This is on a Mac if it matters. zip is version 3.0 and unzip is version 6.0 (I expect what is shipped with the OS).
If I do the following:
Start with a generic 'pptx' file, unzip it into a directory, clean up the XML, then zip it up
unzip V1.pptx -d dir
cd dir
find . -name "*.xml" -type f -exec xmllint --output '{}' --format '{}' \;
zip -0 ../V1Orig.pptx -r *
I now have a new zip file V1Orig.pptx
unzip V1Orig.pptx -d copy
cd copy
find . -name "*.xml" -type f -exec xmllint --output '{}' --format '{}' \;
zip -0 ../V1Copy.pptx -r *
If I now 'diff' the orig and copy directories, they are the same:
Common subdirectories: orig/_rels and copy/_rels
Common subdirectories: orig/docProps and copy/docProps
Common subdirectories: orig/ppt and copy/ppt
But if I diff the pptx files or do an md5 checksum on the pptx I get a different answer.

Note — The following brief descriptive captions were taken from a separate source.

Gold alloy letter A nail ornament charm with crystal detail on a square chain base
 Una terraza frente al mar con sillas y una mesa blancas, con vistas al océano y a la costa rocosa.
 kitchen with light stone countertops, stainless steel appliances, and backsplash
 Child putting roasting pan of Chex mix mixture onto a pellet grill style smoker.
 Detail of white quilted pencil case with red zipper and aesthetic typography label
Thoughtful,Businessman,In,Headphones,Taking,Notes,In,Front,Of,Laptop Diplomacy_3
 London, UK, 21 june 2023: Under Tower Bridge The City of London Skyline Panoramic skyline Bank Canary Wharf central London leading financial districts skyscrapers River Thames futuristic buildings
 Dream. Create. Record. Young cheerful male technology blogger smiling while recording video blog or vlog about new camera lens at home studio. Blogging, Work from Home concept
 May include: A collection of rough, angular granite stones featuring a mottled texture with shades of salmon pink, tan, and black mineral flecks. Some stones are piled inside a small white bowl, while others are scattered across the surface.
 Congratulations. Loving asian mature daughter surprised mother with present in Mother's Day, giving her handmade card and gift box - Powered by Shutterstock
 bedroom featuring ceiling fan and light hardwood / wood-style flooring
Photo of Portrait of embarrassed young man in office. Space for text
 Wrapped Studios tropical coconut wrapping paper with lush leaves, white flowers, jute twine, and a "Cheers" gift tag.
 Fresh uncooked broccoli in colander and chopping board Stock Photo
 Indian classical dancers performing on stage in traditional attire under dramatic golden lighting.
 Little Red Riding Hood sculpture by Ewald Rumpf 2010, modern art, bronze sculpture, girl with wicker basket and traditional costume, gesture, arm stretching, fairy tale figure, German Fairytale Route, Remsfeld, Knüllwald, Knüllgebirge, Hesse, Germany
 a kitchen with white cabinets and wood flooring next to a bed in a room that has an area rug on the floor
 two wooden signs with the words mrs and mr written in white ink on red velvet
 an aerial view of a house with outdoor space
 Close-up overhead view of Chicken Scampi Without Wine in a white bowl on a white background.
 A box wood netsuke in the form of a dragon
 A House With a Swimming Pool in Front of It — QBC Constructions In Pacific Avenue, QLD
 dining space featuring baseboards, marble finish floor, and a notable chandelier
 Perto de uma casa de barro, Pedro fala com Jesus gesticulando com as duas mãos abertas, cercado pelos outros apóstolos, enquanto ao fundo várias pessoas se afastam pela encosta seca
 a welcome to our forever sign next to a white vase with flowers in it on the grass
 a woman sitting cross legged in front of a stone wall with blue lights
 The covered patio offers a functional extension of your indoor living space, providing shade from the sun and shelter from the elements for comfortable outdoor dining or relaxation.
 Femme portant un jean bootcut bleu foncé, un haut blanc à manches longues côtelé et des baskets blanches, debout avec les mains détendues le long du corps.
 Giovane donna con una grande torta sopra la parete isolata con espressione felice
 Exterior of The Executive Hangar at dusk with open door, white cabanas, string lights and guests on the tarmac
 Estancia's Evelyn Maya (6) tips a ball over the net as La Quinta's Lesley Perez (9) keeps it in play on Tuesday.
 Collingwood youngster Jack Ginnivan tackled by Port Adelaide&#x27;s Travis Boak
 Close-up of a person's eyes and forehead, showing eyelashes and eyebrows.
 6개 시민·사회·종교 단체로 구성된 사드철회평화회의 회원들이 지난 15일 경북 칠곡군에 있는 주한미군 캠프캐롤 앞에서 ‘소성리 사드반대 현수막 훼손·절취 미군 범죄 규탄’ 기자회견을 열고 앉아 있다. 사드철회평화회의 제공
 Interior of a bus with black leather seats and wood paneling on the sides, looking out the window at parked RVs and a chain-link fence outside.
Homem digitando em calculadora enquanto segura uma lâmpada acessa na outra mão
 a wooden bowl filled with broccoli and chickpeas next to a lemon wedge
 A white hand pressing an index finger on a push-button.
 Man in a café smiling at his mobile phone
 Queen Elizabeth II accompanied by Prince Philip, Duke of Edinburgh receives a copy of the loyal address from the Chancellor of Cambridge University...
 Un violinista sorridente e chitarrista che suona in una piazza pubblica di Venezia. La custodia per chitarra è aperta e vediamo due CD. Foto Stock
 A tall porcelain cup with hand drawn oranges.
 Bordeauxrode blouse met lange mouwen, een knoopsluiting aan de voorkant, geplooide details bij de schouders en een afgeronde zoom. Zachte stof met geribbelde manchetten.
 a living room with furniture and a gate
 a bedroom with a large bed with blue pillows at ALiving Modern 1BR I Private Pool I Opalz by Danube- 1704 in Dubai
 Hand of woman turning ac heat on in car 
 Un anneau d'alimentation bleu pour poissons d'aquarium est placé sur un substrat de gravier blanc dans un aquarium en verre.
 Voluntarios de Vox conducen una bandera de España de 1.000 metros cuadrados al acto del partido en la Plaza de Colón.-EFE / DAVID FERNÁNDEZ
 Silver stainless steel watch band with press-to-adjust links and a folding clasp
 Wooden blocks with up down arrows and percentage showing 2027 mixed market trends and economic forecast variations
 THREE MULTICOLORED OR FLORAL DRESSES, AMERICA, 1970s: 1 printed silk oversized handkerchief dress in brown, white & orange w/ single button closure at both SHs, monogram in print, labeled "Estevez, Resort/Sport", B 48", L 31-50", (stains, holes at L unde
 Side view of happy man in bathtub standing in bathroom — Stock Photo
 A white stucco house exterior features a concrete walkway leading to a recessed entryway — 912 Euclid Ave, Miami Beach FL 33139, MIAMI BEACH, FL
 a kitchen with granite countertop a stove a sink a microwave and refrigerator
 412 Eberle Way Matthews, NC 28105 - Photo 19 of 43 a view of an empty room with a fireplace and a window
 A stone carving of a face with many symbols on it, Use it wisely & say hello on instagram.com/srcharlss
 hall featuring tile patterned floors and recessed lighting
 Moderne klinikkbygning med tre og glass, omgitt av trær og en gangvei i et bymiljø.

diff V1Orig.pptx V1Copy.pptx
Binary files V1Orig.pptx and V1Copy.pptx differ
ls -rtla orig
total 8
drwxr-xr-x 11 fultonm wheel 352 10 Jan 16:49 ppt
drwxr-xr-x 5 fultonm wheel 160 10 Jan 16:49 docProps
drwxr-xr-x 3 fultonm wheel 96 10 Jan 16:49 _rels
drwxr-xr-x 6 fultonm wheel 192 14 Jan 10:40 .
-rw-r--r-- 1 fultonm wheel 3212 14 Jan 10:42 [Content_Types].xml
drwxr-xr-x 8 fultonm wheel 256 14 Jan 10:57 ..
fultonm@mikes-MacBook-Pro-2 /tmp/handzip>ls -rtla copy
total 8
drwxr-xr-x 5 fultonm wheel 160 14 Jan 10:42 docProps
drwxr-xr-x 3 fultonm wheel 96 14 Jan 10:42 _rels
drwxr-xr-x 6 fultonm wheel 192 14 Jan 10:42 .
drwxr-xr-x 11 fultonm wheel 352 14 Jan 10:42 ppt
-rw-r--r-- 1 fultonm wheel 3212 14 Jan 10:42 [Content_Types].xml
drwxr-xr-x 8 fultonm wheel 256 14 Jan 10:57 ..
You can get them to be the same by making the timestamps of all of the files and directories to be the same, and by using the -X
option to not save extra file attribute information.
So for each zip
command, use -rX
, and in the copy directory do:
find . -exec touch -r ../dir/{} {} \;
before the zip.
Why it should matter that the zip files be identical, I have no idea. What matters is that they both decompress to the same thing.